PROBLEM: Only the lines from the one with "355 m² land in Sakura, Tochigi - Photo 1" through the final line below belong in the answer, copied exactly and without pictures.
::: AVAILABLE DATA :::
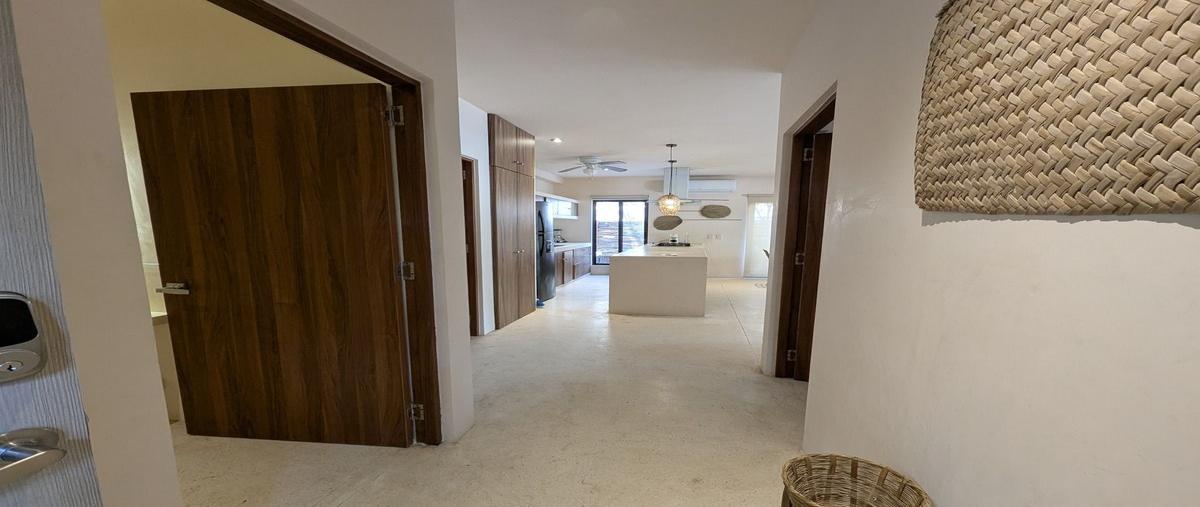 Foto de departamento en renta en rio tabasquillo , region 15 kukulcan, tulum, quintana roo, 0 No. 05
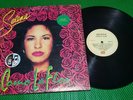 SELENA Como La Flor RARE EDITION VENEZUE LP  1994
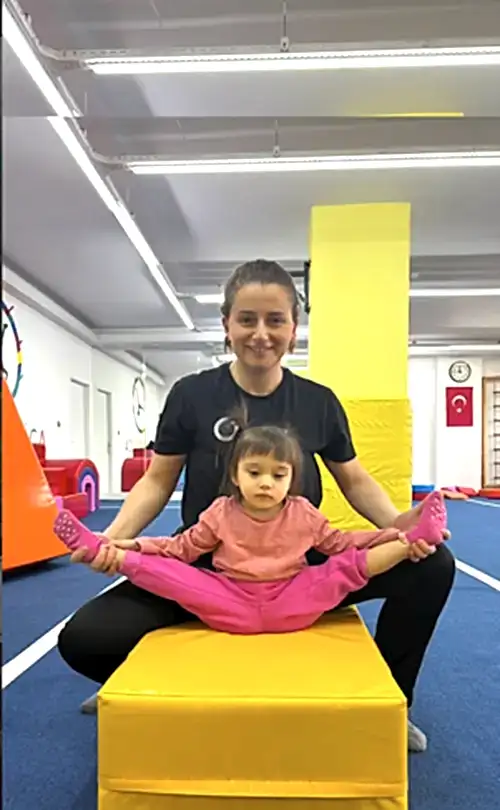 Cimnastica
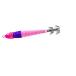 YO-ZURI(yo-zuli) свинец ste: свинец ste 4 tsu глаз 25 номер (94g) PPUH:04 розовый лиловый head 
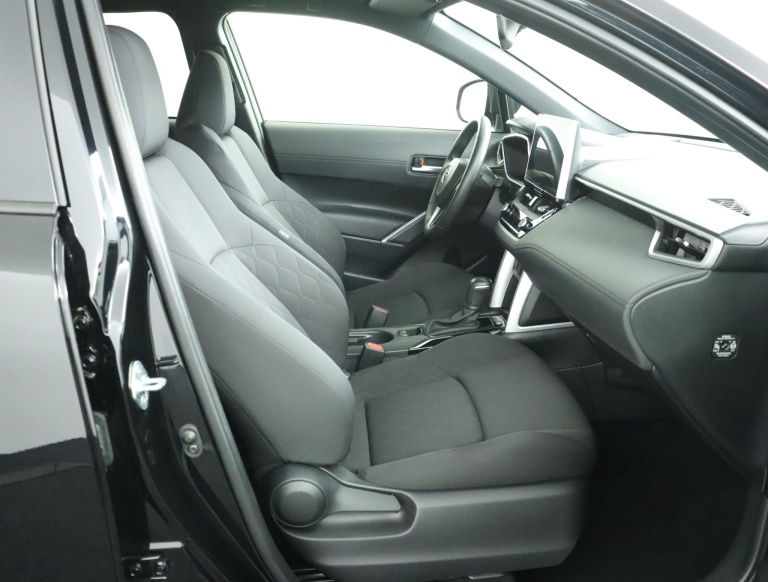 Toyota Corolla Cross - Hybrid 200 Dynamic 22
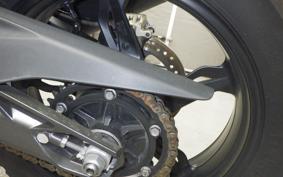 BMW G310GS 2017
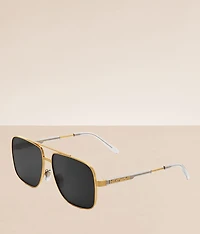 Nimitz Aviator Sunglasses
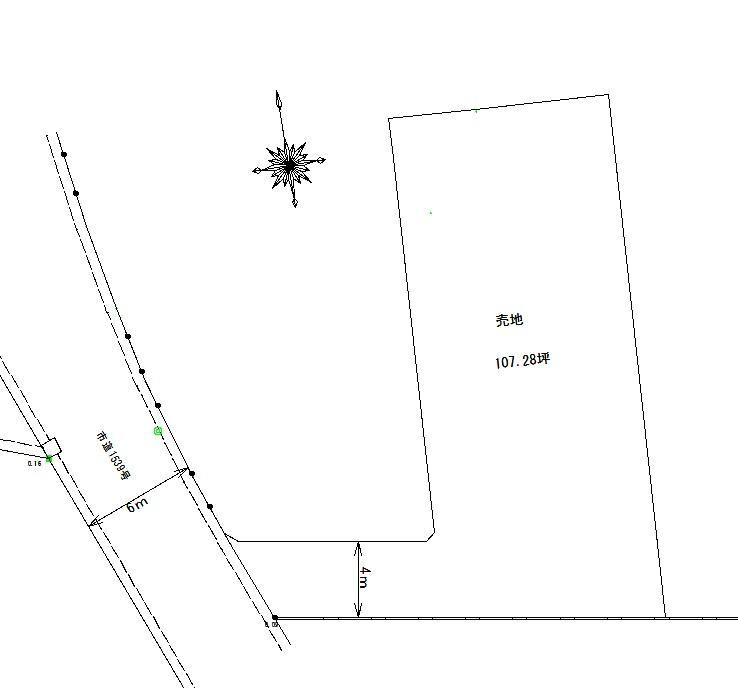 355 m² land in Sakura, Tochigi - Photo 1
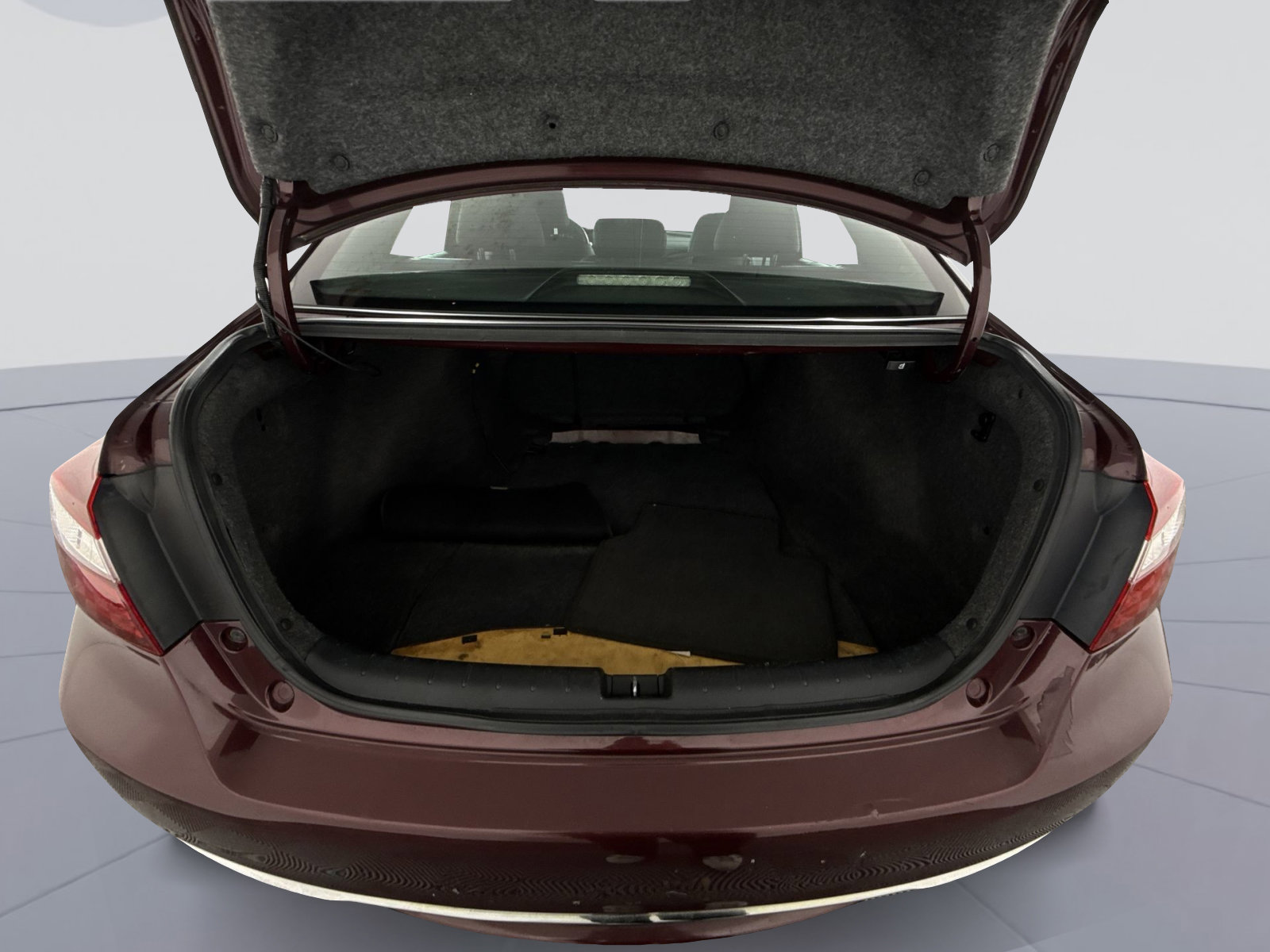 Used 2016 Honda Accord Sport image 25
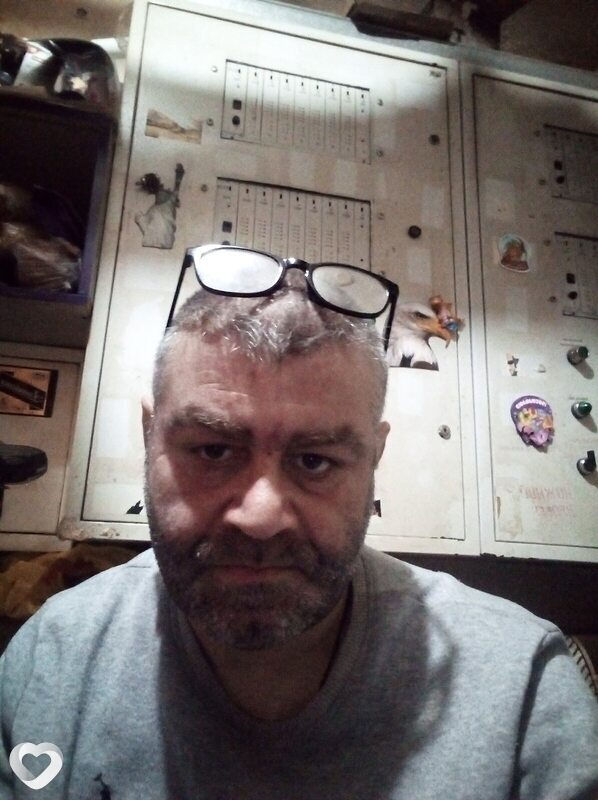 Каро, 44, Уфе — анкета №1545779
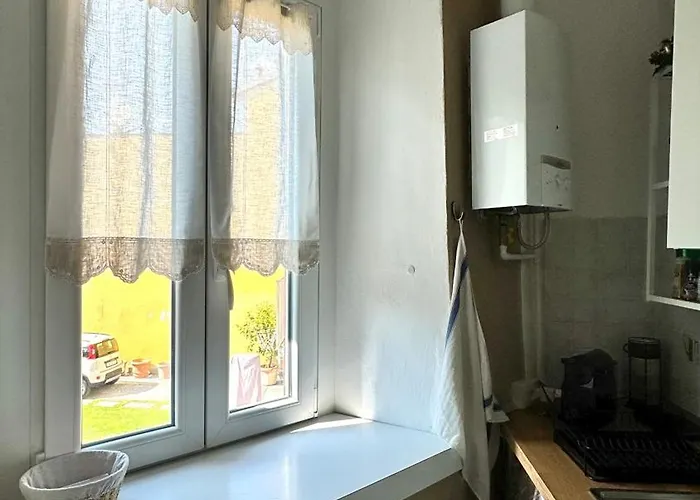 Ca Di Carlo Casa vacanze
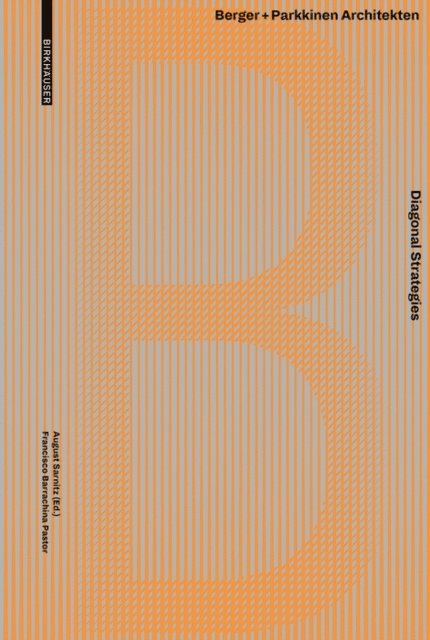 Francisco Barrachina Pastor, August Sarnitz - Diagonal Strategies, E-bok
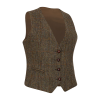 Ladies Brayton WC Charcoal 1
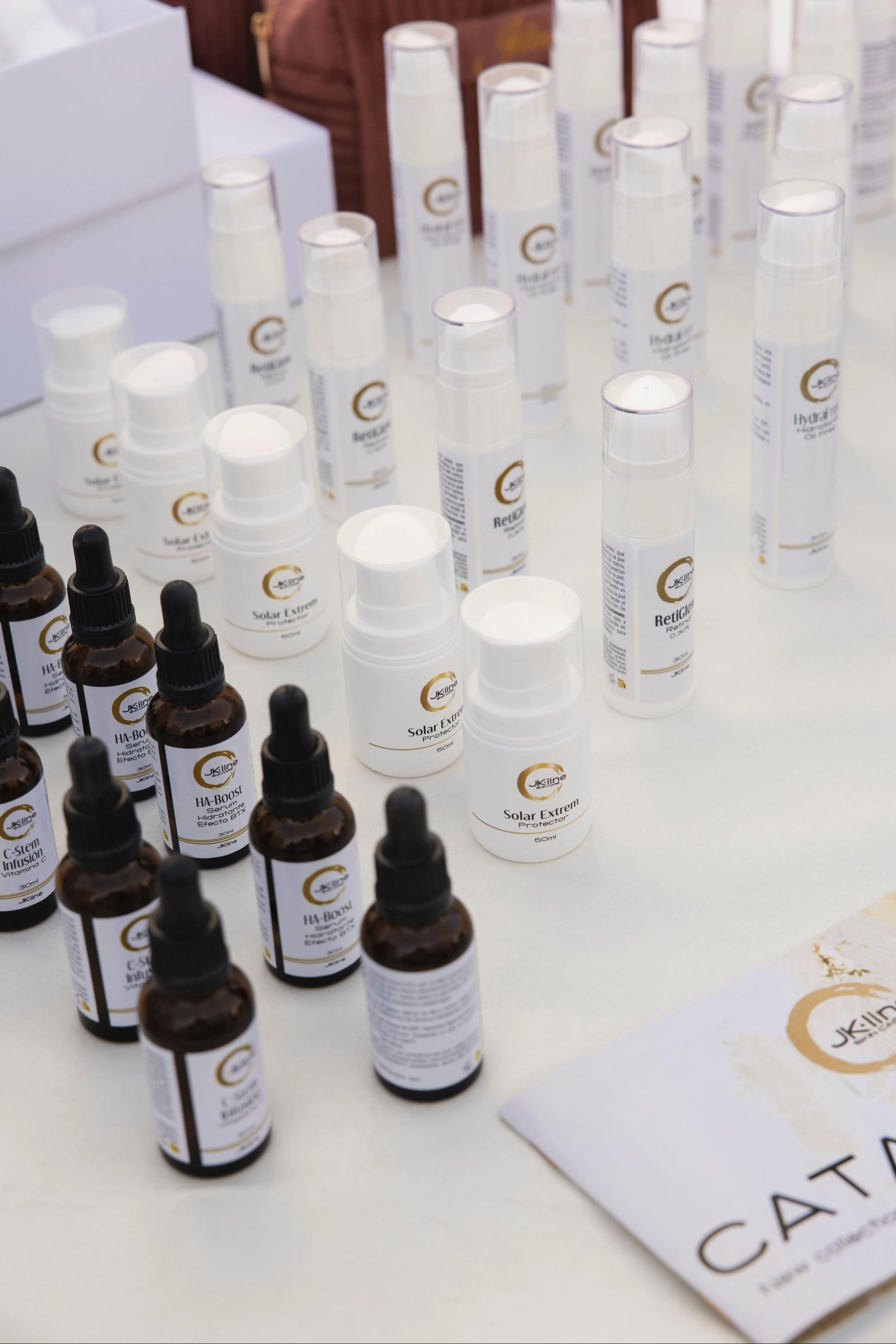 @JKline Skincare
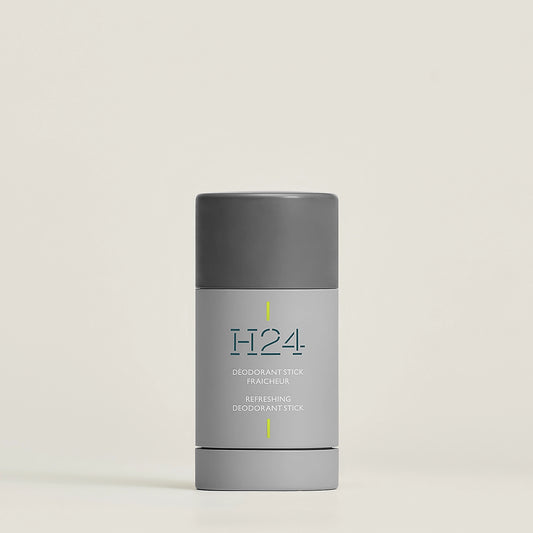 H24 Refreshing alcohol-free stick Deodorant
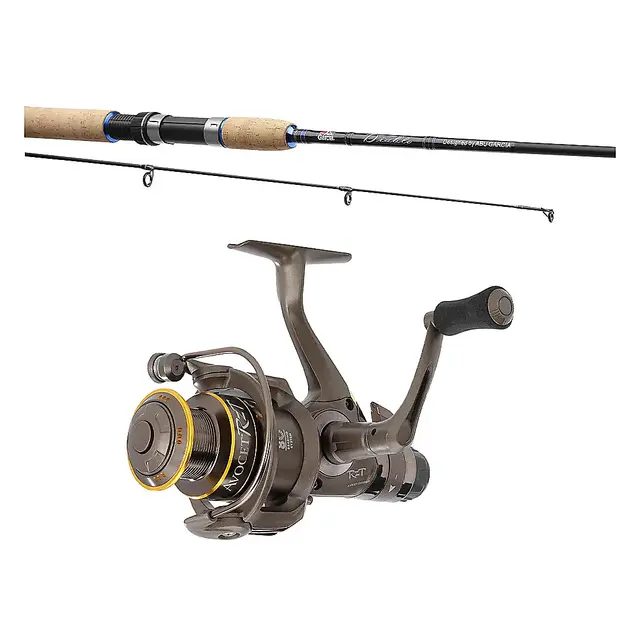 Abu Garcia Devil 7' 5-15g/Avocet 1000 1 Abu Garcia Devil 7' 5-15g/Avocet 1000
:::
RESPONSE TO THIS TASK:
 355 m² land in Sakura, Tochigi - Photo 1
 Used 2016 Honda Accord Sport image 25
 Каро, 44, Уфе — анкета №1545779
 Ca Di Carlo Casa vacanze
 Francisco Barrachina Pastor, August Sarnitz - Diagonal Strategies, E-bok
 Ladies Brayton WC Charcoal 1
 @JKline Skincare
 H24 Refreshing alcohol-free stick Deodorant
 Abu Garcia Devil 7' 5-15g/Avocet 1000 1 Abu Garcia Devil 7' 5-15g/Avocet 1000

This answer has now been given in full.